Tampilkan postingan dengan label ash. Tampilkan semua postingan
Tampilkan postingan dengan label ash. Tampilkan semua postingan

Selasa, 23 Januari 2024

Mengapa Produksi Wood Pellet Kapasitas Besar dari Kebun Energi Kaliandra Belum Terealisasi ?

Sebagai negara tropis yang memiliki luas tanah terbesar di Asia Tenggara potensi untuk bahan bakar atau energi tebarukan dari biomasa khususnya wood pellet sangat potensial dan menjanjikan. Untuk menjaga kestabilan volume produksi kapasitas besar dan kontinuitasnya maka produksi wood pellet tersebut harus menggunakan bahan baku dari kebun energi atau kebun biomasa. Kebun energi dari tanaman rotasi dan pertumbuhan cepat (short rotation coppice & fast growing species) dari kelompok legum seperti kaliandra merah (Calliandra calothyrsus) telah menjadi perhatian cukup lama, tetapi mengapa produksi wood pellet kapasitas besar tersebut hingga saat ini belum terealisasi atau belum ada industri yang merealisasikannya ? Dibawah ini bisa jadi dua faktor utama penyebab hal tersebut :

1. Kualitas wood pellet kaliandra 

Karakteristik tanaman rotasi dan pertumbuhan cepat kelompok legum tersebut memiliki kandungan potassium / kalium dan sodium / natrium (K+Na) cukup tinggi pada kayunya.
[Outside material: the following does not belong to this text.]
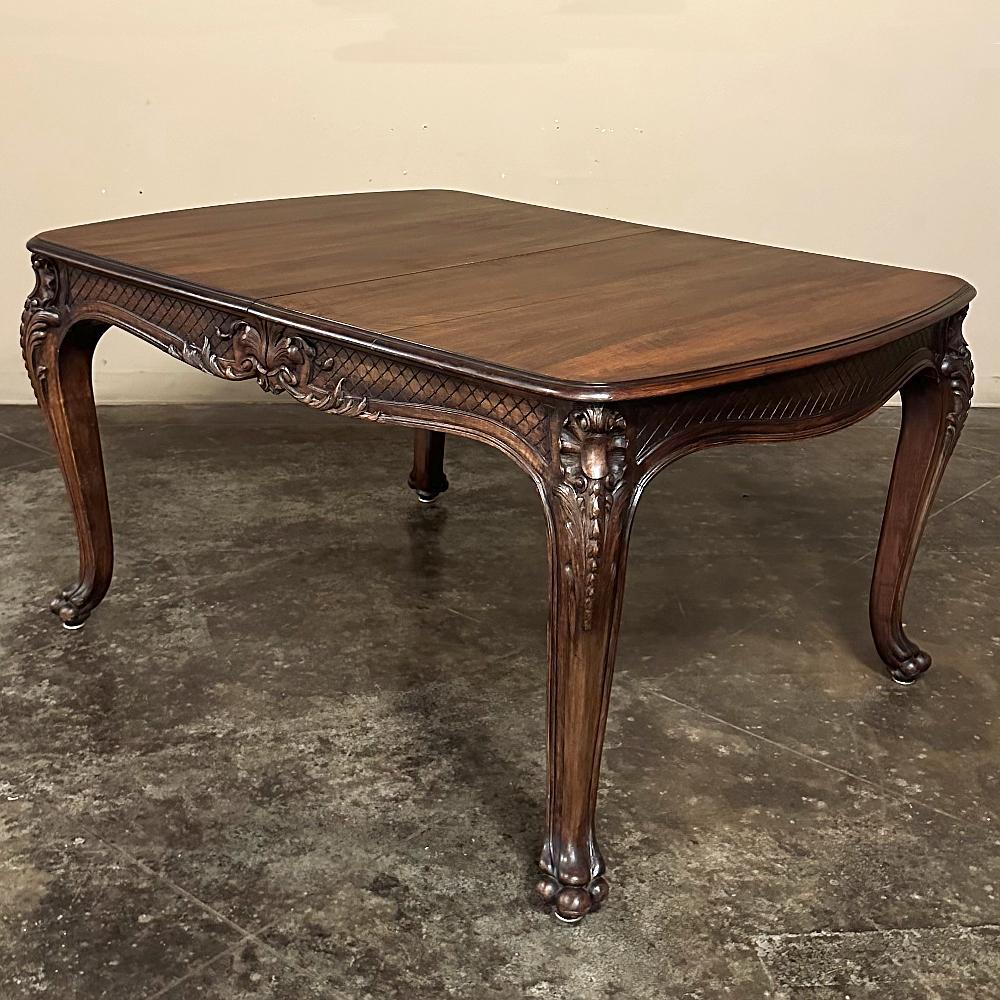 Table de salle à manger ancienne en noyer Louis XIV avec 2 abattants en vente 1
Potassium / Kalium memiliki sifat berupa titik leleh rendah sehingga akan bermasalah pada alat penukar panans (heat exchanger) di boiler pembangkit listrik pada umumnya. Kandungan potassium / kalium yang tinggi tersebut menyebabkan penggunaannya tidak cocok pada pembangkit listrik pada umumnya, yakni yang menggunakan pulverized combustion. Kaliandra merah (Calliandra calothyrsus)  secara khusus demikian juga, sehingga dengan kapasitas produksi besar  maka produk wood pellet yang berorientasi export tersebut perlu ditingkatkan kualitasnya dengan menurunkan kandungan terutama kalium dan natrium (K+Na) tersebut. 

Proses penurunan K + Na yang merupakan bagian ash content tersebut dilakukan dengan proses pencucian (leaching / washing). Unit ini menjadi perlu ditambahkan pada proses produksi wood pellet dari kaliandra merah tersebut.  Proses tersebut selain membuat kayu kaliandra bahan baku wood pellet menjadi lebih basah juga menghasilkan air limbah (waste waster). Hal ini akan menambah biaya produksi wood pellet kaliandra merah tersebut. 

Walaupun bisa saja proses leaching / washing tersebut tidak dilakukan sehingga wood pellet yang dihasilkan masih memiliki kandungan K + Na cukup tinggi juga masih berpotensi digunakan untuk pembangkit listrik tipe tertetu seperti yang berteknologi fluidized bed dan stoker. Tetapi tipe teknologi pembangkit listrik tersebut memang tidak sebanyak penggunaan teknologi pulverized combustion. Supaya penerimaan pasar untuk produksi wood pellet kaliandra besar atau bisa digunakan pada semua tipe pembangkit listrik maka sebaiknya proses leaching / washing tersebut perlu dilakukan.  


2. Pemanfaatan hanya bagian tertentu (parsial) dari tanaman, dan tidak menyeluruh (whole tree utilization) 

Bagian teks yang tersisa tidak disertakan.